Take the data below and write it out exactly, except for the pictures.

####################

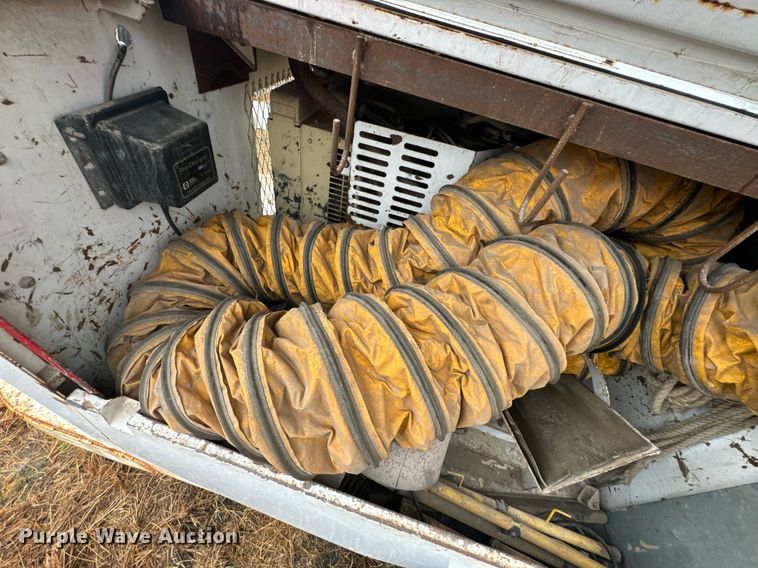 image for item DX1337 1993 Pelsue Metro XL A/C generator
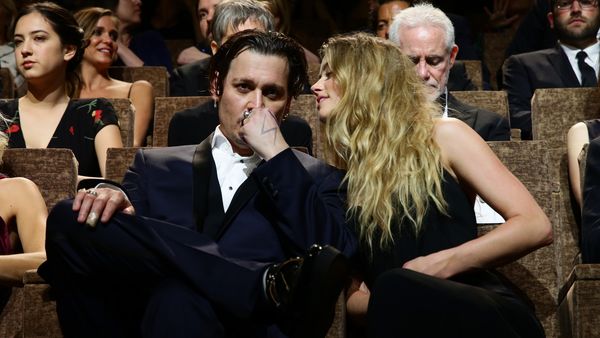 Amber Heard Disebut KDRT Johnny Depp hingga Jarinya Putus
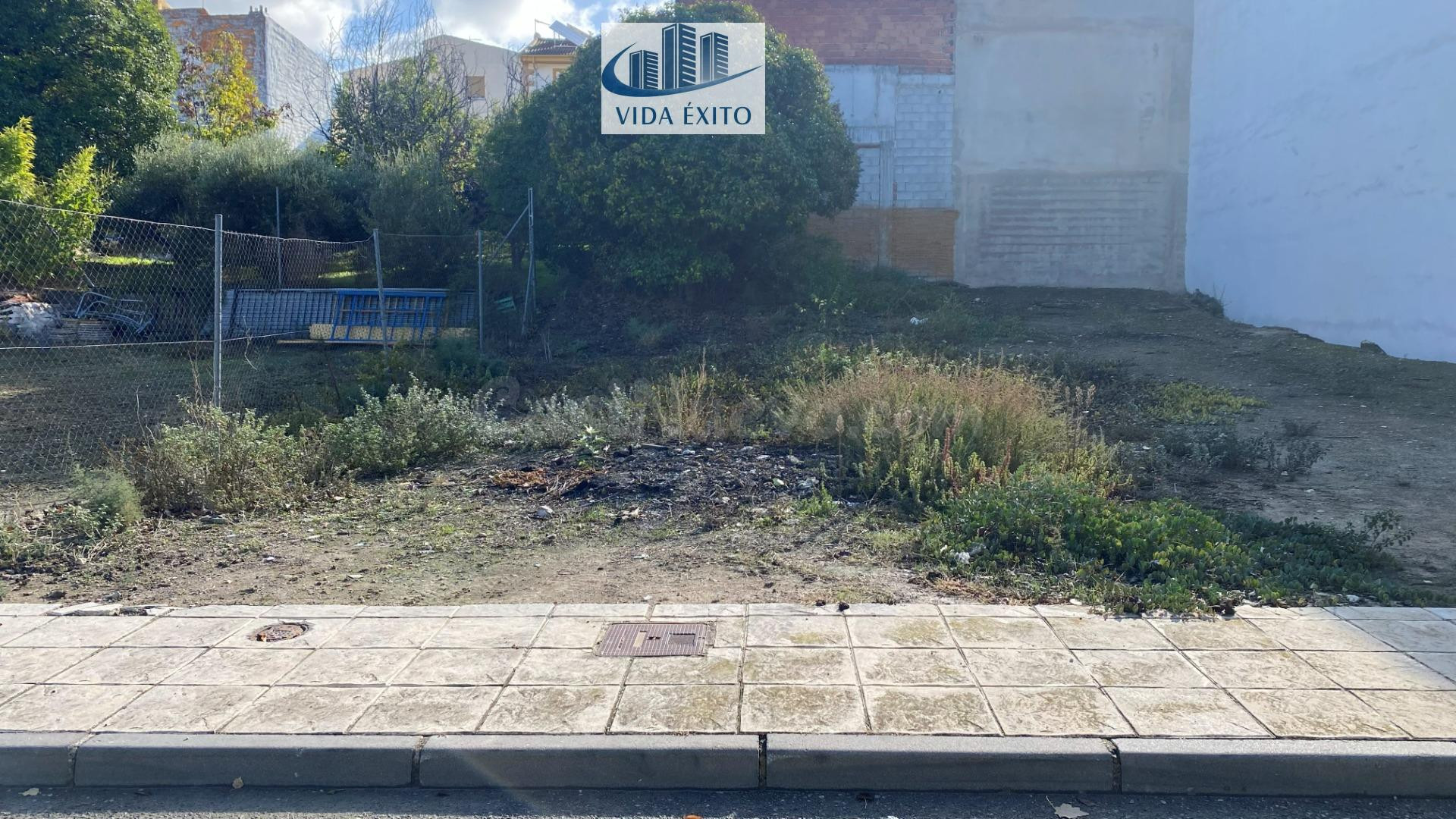 TERRENO URBANO EN LOS VILLARES - foto 2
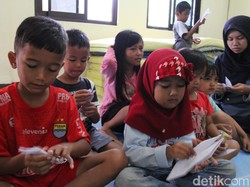 SDN Bojongasih Bandung Terendam Banjir, Siswa Belajar di Pengungsian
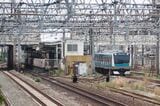 鶴見駅を発車して大船方面に向かう京浜東北線（記者撮影）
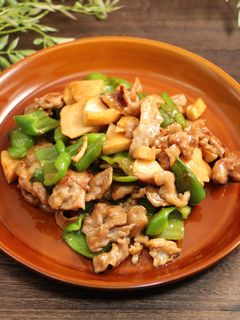 簡単ピリ辛!豚こま青椒肉絲風炒め-レシピのメイン写真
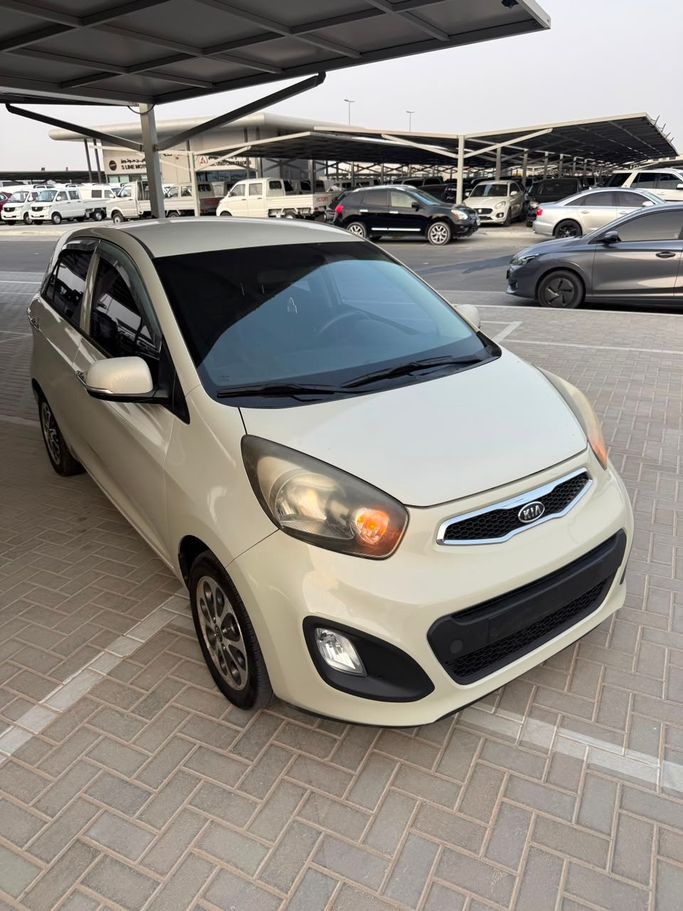 مستعملة Kia Morning ثانياً, 1.0 l, 2012 في في الإمارات, عجمان من MALIK MOTORS FZC، اللون أبيض. المواصفات الكورية | AUTO.AE | إعلان #276439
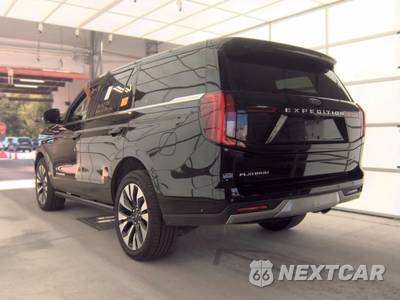 2025 Ford Expedition Platinum - zdjęcie 6 z 32 - miniatura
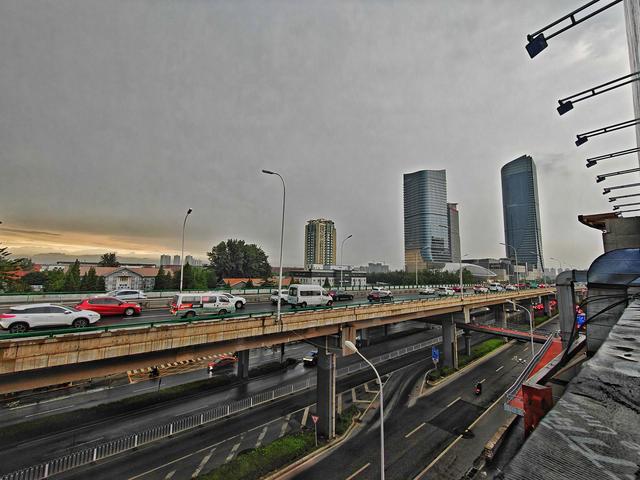 雨后看见彩虹！北京晚霞金光漫天！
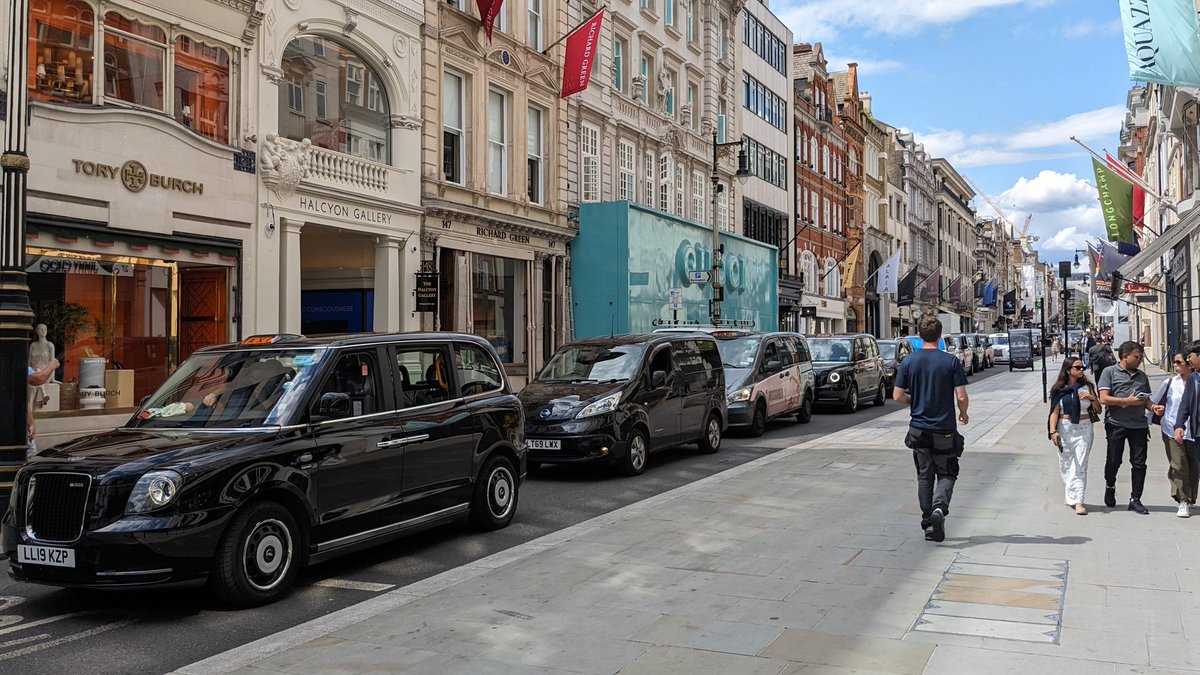 BREAKING: Fanatical eco zealots at @JustStop_Oil have hijacked taxis and are using them to completely block New Bond Street. Emergency services unable to get through.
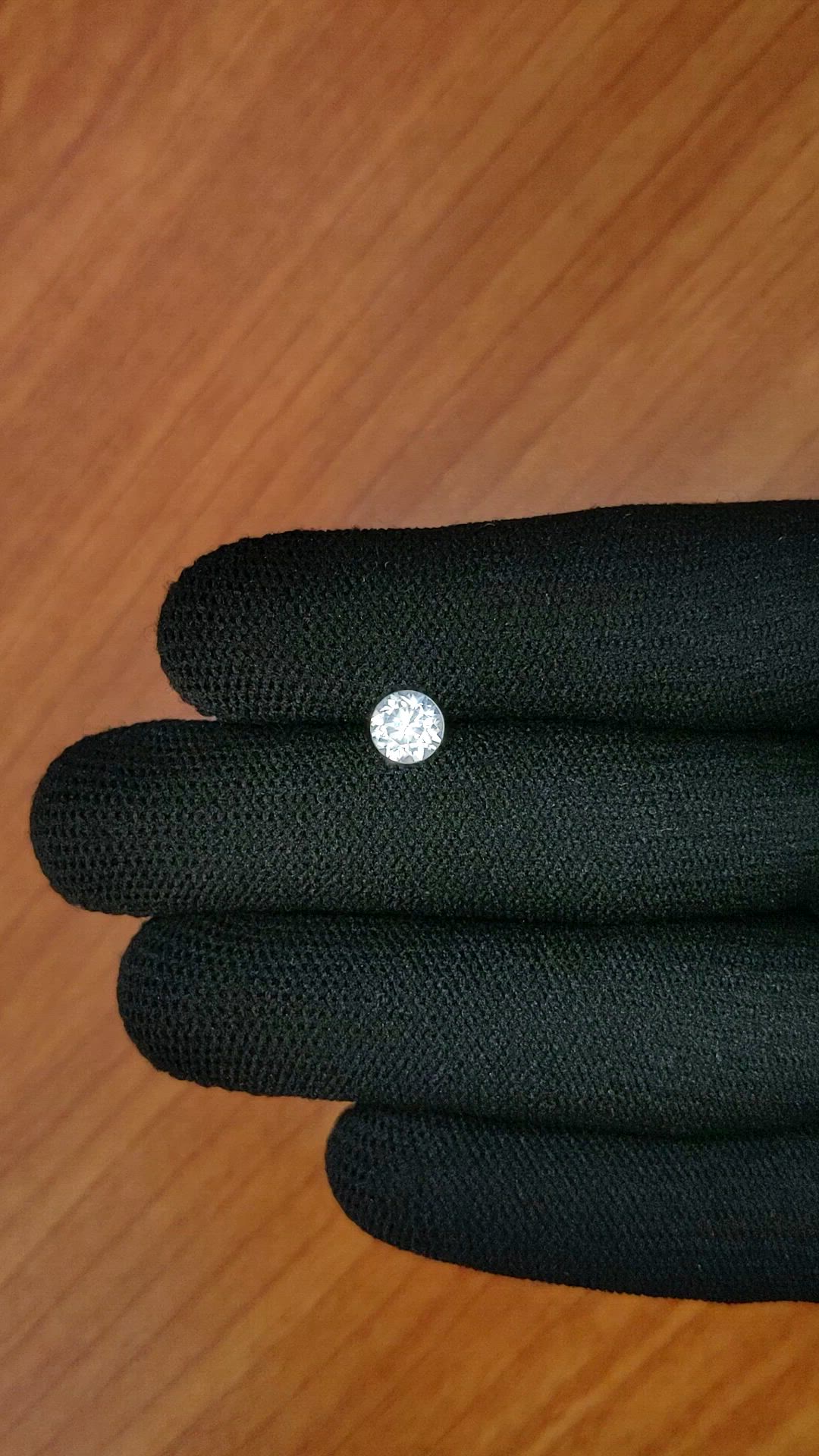 1.19 Ct. White Zircon from Ceylon (Sri Lanka) Size Video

####################

◆ Answer to this exercise:
 image for item DX1337 1993 Pelsue Metro XL A/C generator
 Amber Heard Disebut KDRT Johnny Depp hingga Jarinya Putus
 TERRENO URBANO EN LOS VILLARES - foto 2
 SDN Bojongasih Bandung Terendam Banjir, Siswa Belajar di Pengungsian
 鶴見駅を発車して大船方面に向かう京浜東北線（記者撮影）
 簡単ピリ辛!豚こま青椒肉絲風炒め-レシピのメイン写真
 مستعملة Kia Morning ثانياً, 1.0 l, 2012 في في الإمارات, عجمان من MALIK MOTORS FZC، اللون أبيض. المواصفات الكورية | AUTO.AE | إعلان #276439
 2025 Ford Expedition Platinum - zdjęcie 6 z 32 - miniatura
 雨后看见彩虹！北京晚霞金光漫天！
 BREAKING: Fanatical eco zealots at @JustStop_Oil have hijacked taxis and are using them to completely block New Bond Street. Emergency services unable to get through.
 1.19 Ct. White Zircon from Ceylon (Sri Lanka) Size Video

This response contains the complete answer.